Mullan ne fait aucune concession : tous coupables. Les jeunes délinquants comme ceux qui les jugent ou qui les laissent faire. Exclure de l’école le moindre voyou, c’est le transformer en futur malfrat. Fermer les yeux sur ce que font leurs enfants, et les parents ne s’étonneront pas de ne plus se faire écouter.

Là où le cinéaste épate toujours c’est dans son adéquation à plaquer sa mise en scène sur le sujet. Le film est en perpétuel mouvement, alerte, dopé par sa bande son punk-rock. Il y a une forme de rage qui va progressivement s’anesthésier. Dès lors la dernière demi-heure va alterner les rythmes, entre plans léthargiques et séquences pulsionnelles. Comme si le pétage de plombs du protagoniste principal avait court-circuité le film, ne sachant plus comment finir, tentant de le sauver plusieurs fois ou de le tuer selon les scènes qui s’enchaînent. Cela distille une certaine tension, sans vraiment nous rendre captif. A force de multiplier les hypothèses de fin, Mullan a péché par excès. Suicide ? Meurtre ? Rédemption ? Intégration ? Carnage ? Il manque dans Neds l’intensité de son précédent film, The Magdalene Sisters. Mais le réalisateur sait insuffler une force, un stress qui permet au spectateur de se laisser happer par cette spirale infernale, cette noirceur abyssale.

Mais, grâce à quelques beaux moments (ses hallucinations quand il est SDF, l’ultime scène au milieu des fauves, ou encore cette quête de la mort, armée de deux couteaux), Neds échappe à l’ennui. Tout comme il faut souligner l’excellence du casting, jeunes amateurs ou comédiens aguerris. La musique de Craig Armstrong, joyeuse et acidulé dans les pires moments, fit envisager de possibles réconciliations (avec le père, l’école, l’humanité en soi) ; tout de suite contrasté par une dévastation presque nihiliste.

Car il n’y a rien de vraiment sympathique à suivre cet itinéraire d’un enfant pas gâté, un « educated delinquants » pour le coups, entouré de « losers ». Lorsqu’on voit les conditions de travail de la classe 3R, les rebus du système, on s’inquiète pour le devenir de cette jeune génération, pré-thatchérienne. Des animaux sont mieux traités. Ces gamins en deviennent d’ailleurs « animal », comblant leur ennui avec des guerres de boutons (arme blanche et révolver), des joints, de l’alcool, et quelques flirts.

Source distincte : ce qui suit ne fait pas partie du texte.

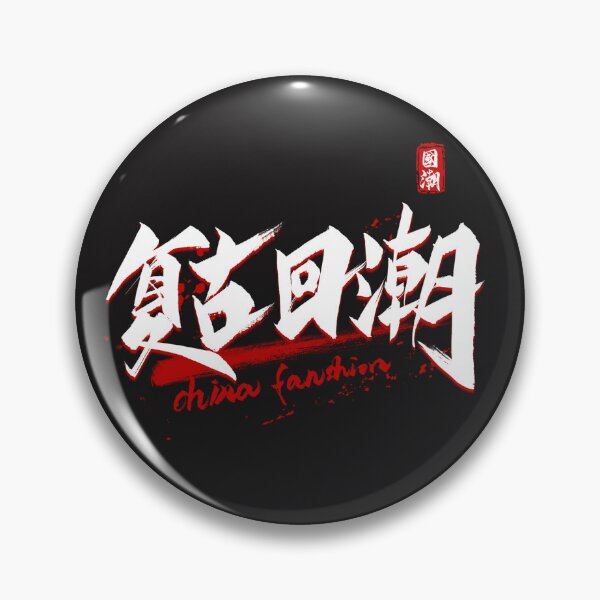 Item preview, Chinese characters designed and sold by lijian.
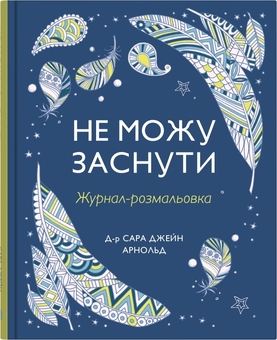 Бумажная книга «Не можу заснути. Журнал-розмальовка», автор Сара Джейн Арнолд - фото №1 - миниатюра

A défaut d’avoir complètement maîtrisé cette histoire d’adolescent sous influence, Mullan finit majestueusement une histoire très dure avec une paix qui guérit de toutes les douleurs. Neds restera un de ces films néo-réalistes, pas très loin des oeuvres des Dardenne et de Loach, qui nous renvoient l’image d’une société en échec depuis le premier choc pétrolier. S’évertuant à filmer le saccage des jeunes par la société, le cinéaste affiche son rêve de voir un jour, une jeunesse libre, éduquée et heureuse dans un monde toujours trop brutal.